Orthogonal matrix whose submatrix has special properties

Thread starter julie94
Start date Oct 20, 2009
Tags

Matrix Orthogonal Properties

In summary, an orthogonal matrix is a square matrix with orthogonal rows and columns, meaning their dot product is zero. It is represented by the letter Q and its transposition is written as QT. The submatrix of an orthogonal matrix has the same properties and dimensions as the original matrix. All rows and columns in an orthogonal matrix must be orthogonal, including the submatrix. Applications of orthogonal matrices with special submatrix properties include signal processing, image compression, data encryption, and solving systems of equations in linear algebra and geometry.

Oct 20, 2009

julie94

Dear Forumers.

I am working on the following problem.

Let matrix P=( A B ) where A and B are matrices. Let P be an n*n orthogonal matrix.

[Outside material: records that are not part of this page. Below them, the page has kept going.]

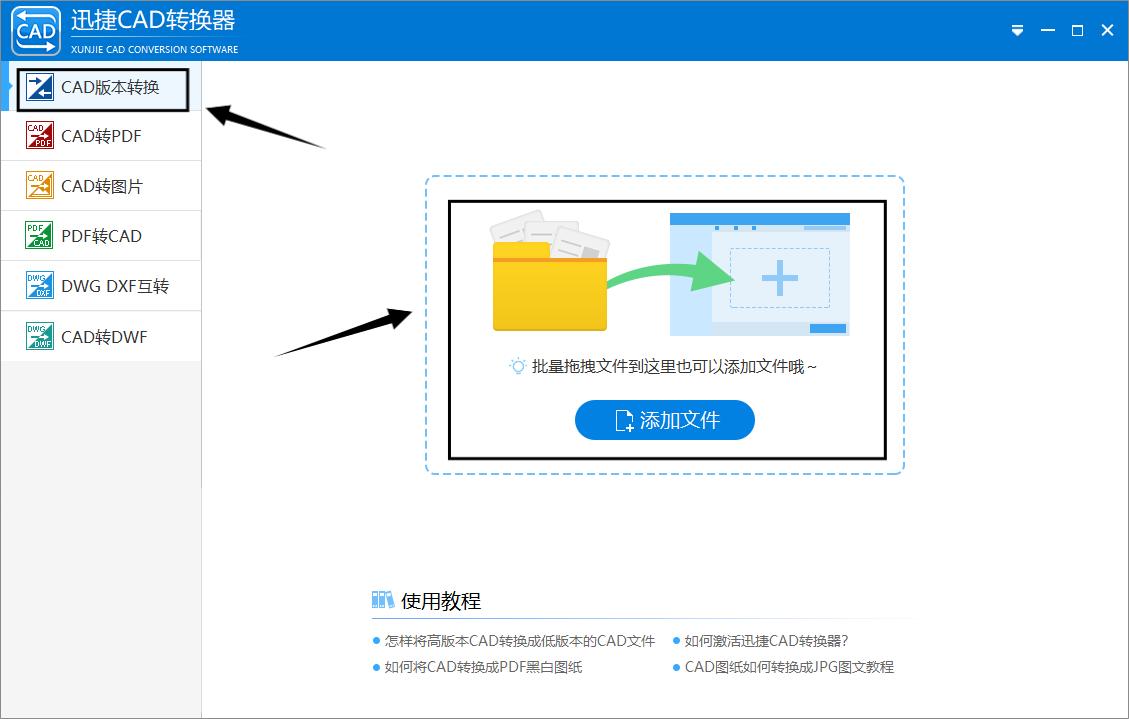 cad哪个版本可以曲线转换成多段线,怎么将高版本cad转换成低版本
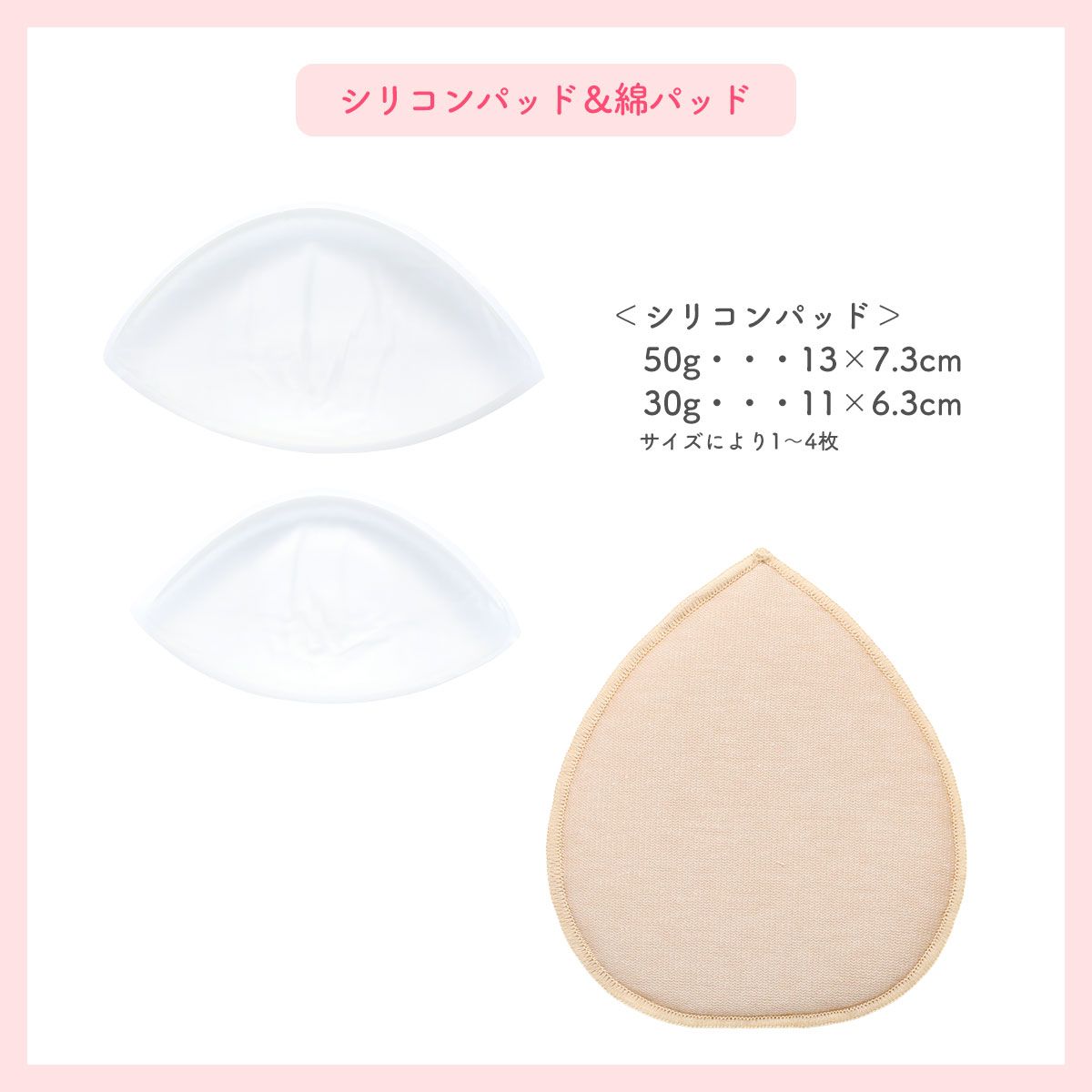 新品】マロン型パッドセット LL2 重さ調節可能 パッド 乳がん手術 術後 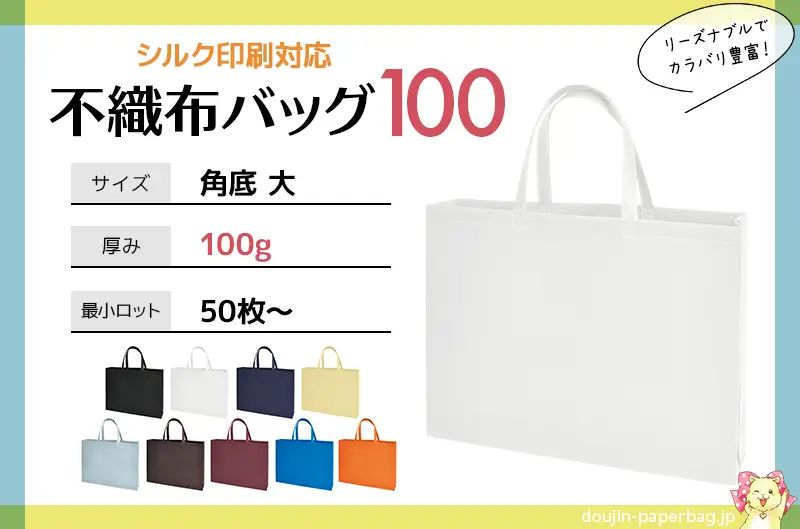 �s�D�z�o�b�O100�@�p��� �X�N�G�A�g�[�g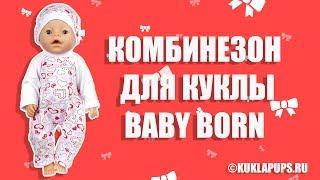 Одеваем Беби Бона в комбинезон. Обзор одежды для кукол Baby Born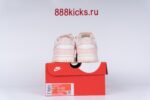 Nike Dunk Low Orange Pearl (W) - Image 4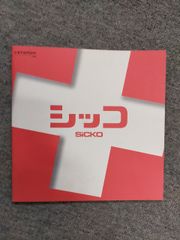 Book]ウルトラ検定公式テキストIIID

Show that A'A is an idempotent matrix.

I do not know where to start. Thanks in advance for the help.

Physics news on Phys.org

Oct 20, 2009

julie94

I can write
PP'=(A B)(A B)'
=(AB'+AA' BB' +BA')

and I can write
PP'=In

FAQ: Orthogonal matrix whose submatrix has special properties

What is an orthogonal matrix?

An orthogonal matrix is a square matrix in which all the columns and rows are orthogonal, meaning they are perpendicular to each other. This means that the dot product of any two columns or rows is equal to zero.

How is an orthogonal matrix represented?

An orthogonal matrix is typically represented using the letter Q, and is often written as QT when transposed.

What are the special properties of a submatrix in an orthogonal matrix?

A submatrix in an orthogonal matrix has the same properties as the original matrix, meaning it is also orthogonal. Additionally, the submatrix will have the same dimension as the original matrix.

Can a submatrix in an orthogonal matrix have rows or columns that are not orthogonal?

No, by definition, all rows and columns in an orthogonal matrix, including the submatrix, must be orthogonal.

What are some applications of orthogonal matrices with special submatrix properties?

Orthogonal matrices with special submatrix properties have many applications in fields such as signal processing, image compression, and data encryption. They are also commonly used in linear algebra and geometry to simplify calculations and solve systems of equations.